Abstract
Applications In Statistics: What's Hot / What's Next VII, Statistics & Public Health
School of Public Health, University at Albany East Campus Rensselaer, NY
March 23, 2002
Indirect Small Area Estimation of Behavioral Risk Factors by Logistic Regression:
Application to Estimating ZIP Code-Level Smoking Rates in New York State
Glen D. Johnson
New York State Department of Health, Bureau of Environmental and Occupational Epidemiology, Geographic Research and Analysis Section
and
University at Albany, School of Public Health,
Department of Environmental Health and Toxicology
New York State Department of Health, Bureau of Chronic Disease Epidemiology and Surveillance, Diabetes Epidemiology and Surveillance Section
and
University at Albany, School of Public Health,
Department of Epidemiology
Recent demand for mapping behavioral health risk factors at the sub-county level has created a statistical challenge when there is no data available that relates individuals to a geographic unit smaller than their county of residence. In order to obtain sub-county estimates for mapping, we must develop a method of indirect estimation that takes advantage of surrogate variables.
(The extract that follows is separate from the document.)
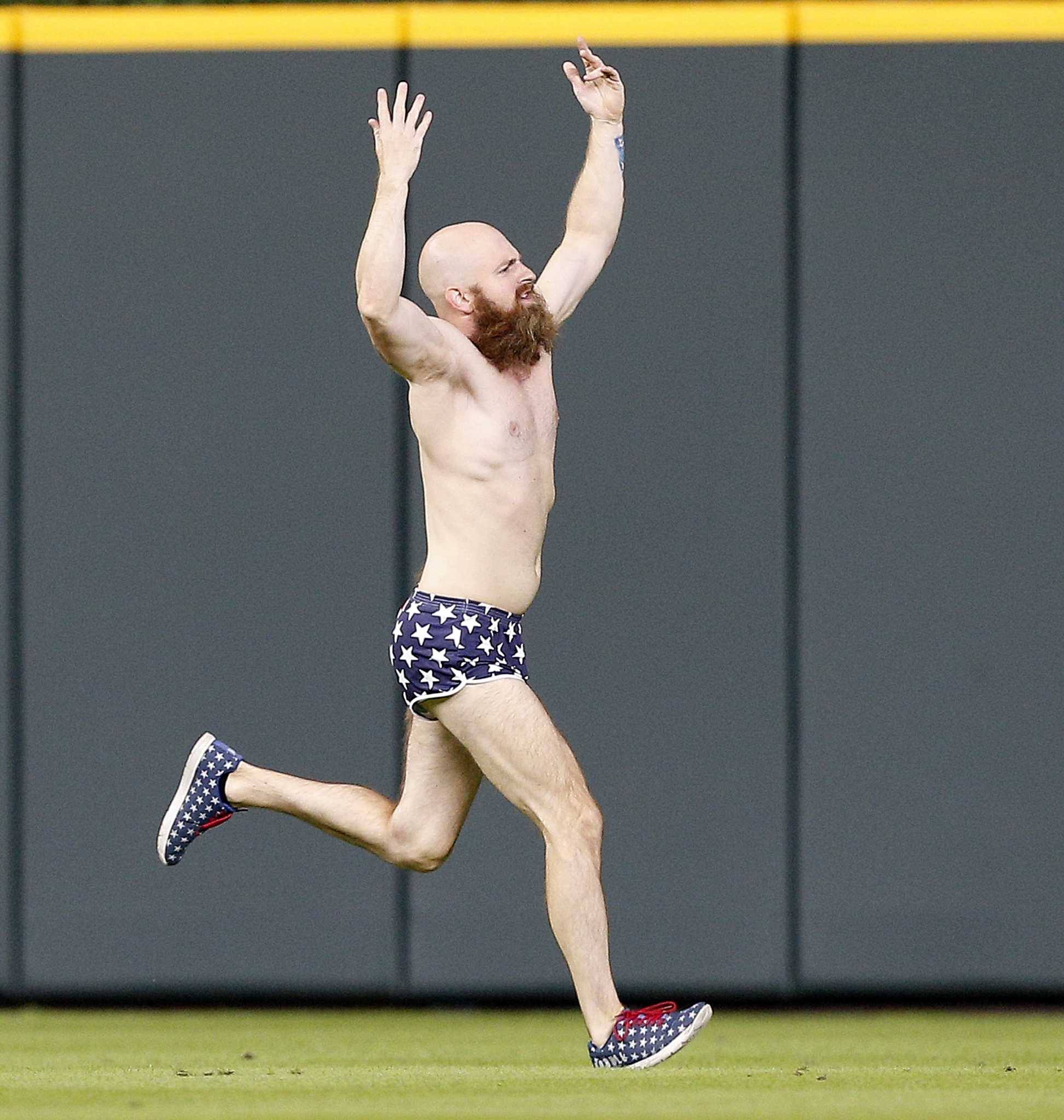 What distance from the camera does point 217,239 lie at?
6875 mm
To this end, a two-stage method was developed. First, a logistic regression function is fit to statewide survey data in order to model the relationship between a risk factor and socio-demographic variables with respect to a particular study area, such as a state. Second, community-level prevalence of the risk factor is predicted for individual mapping units by applying the model to the same predictor variables that are, in turn, aggregated from census data within the desired mapping units.
A mathematical argument is presented that justifies applying the model, whose parameters are fit using individuals in a statewide survey, to community-level aggregated population proportions. The method is then illustrated by fitting the model using the CDC-sponsored Behavioral Risk Factor Surveillance System (BRFSS) for New York State, then applying it to predicting smoking prevalence at the ZIP code level.